→ INSTRUCTIONS TO FOLLOW: Please reproduce all of the listing below exactly and drop its images.

→ GIVEN DATA:
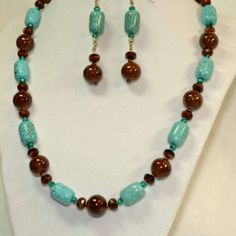 Handmade Beaded Necklace. Beautiful Turquoise Colored Howalite & Faceted Tiger Eye. Sterling Silver Spring Ring Clasp, Adjustable 19-21." Earrings Are On Sterling Silver Shepard Hooks & Have 2.5" Drop. This Is A Beautiful Fashion Statement Set. This Necklace Is Nwot...Handmade By Me With High Quality Materials, Never Mass Made, Not Costume Jewelry. Bundle To Save. Reasonable Offers Welcome. Rl20523.89 Beaded Agate Necklace, Acrylic Nails Almond Shape, 2024 Jewelry, Handmade Beaded Necklace, Necklaces Set, Tiger Eye Jewelry, Turquoise Bead Necklaces, Almond Shape, Handmade Beaded Necklaces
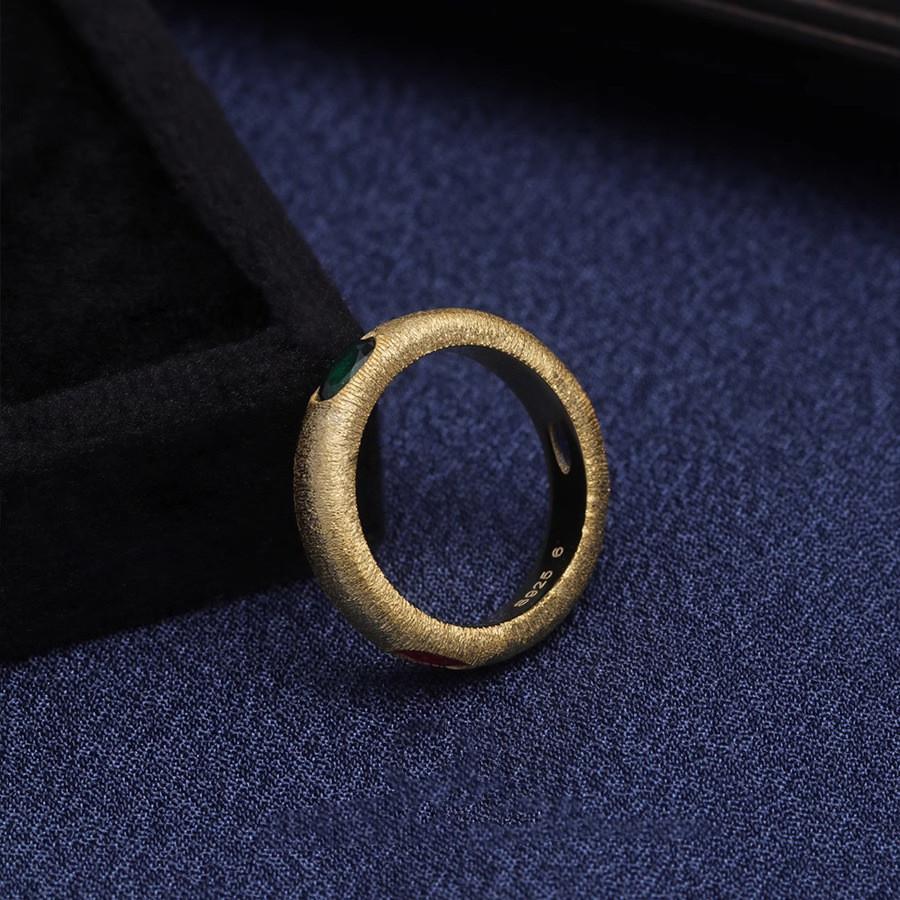 Italian Vintage Style Tri-color Adjustable Ring For Women With Luxurious Feel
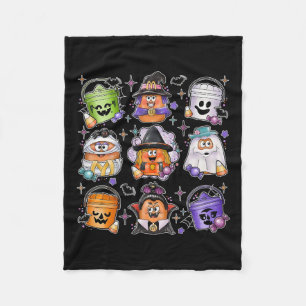 Chicken Nuggets Pumpkin Halloween 90s Vintage 3 Fleece Blanket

→ EXPECTED ANSWER:
 Handmade Beaded Necklace. Beautiful Turquoise Colored Howalite & Faceted Tiger Eye. Sterling Silver Spring Ring Clasp, Adjustable 19-21." Earrings Are On Sterling Silver Shepard Hooks & Have 2.5" Drop. This Is A Beautiful Fashion Statement Set. This Necklace Is Nwot...Handmade By Me With High Quality Materials, Never Mass Made, Not Costume Jewelry. Bundle To Save. Reasonable Offers Welcome. Rl20523.89 Beaded Agate Necklace, Acrylic Nails Almond Shape, 2024 Jewelry, Handmade Beaded Necklace, Necklaces Set, Tiger Eye Jewelry, Turquoise Bead Necklaces, Almond Shape, Handmade Beaded Necklaces
 Italian Vintage Style Tri-color Adjustable Ring For Women With Luxurious Feel
 Chicken Nuggets Pumpkin Halloween 90s Vintage 3 Fleece Blanket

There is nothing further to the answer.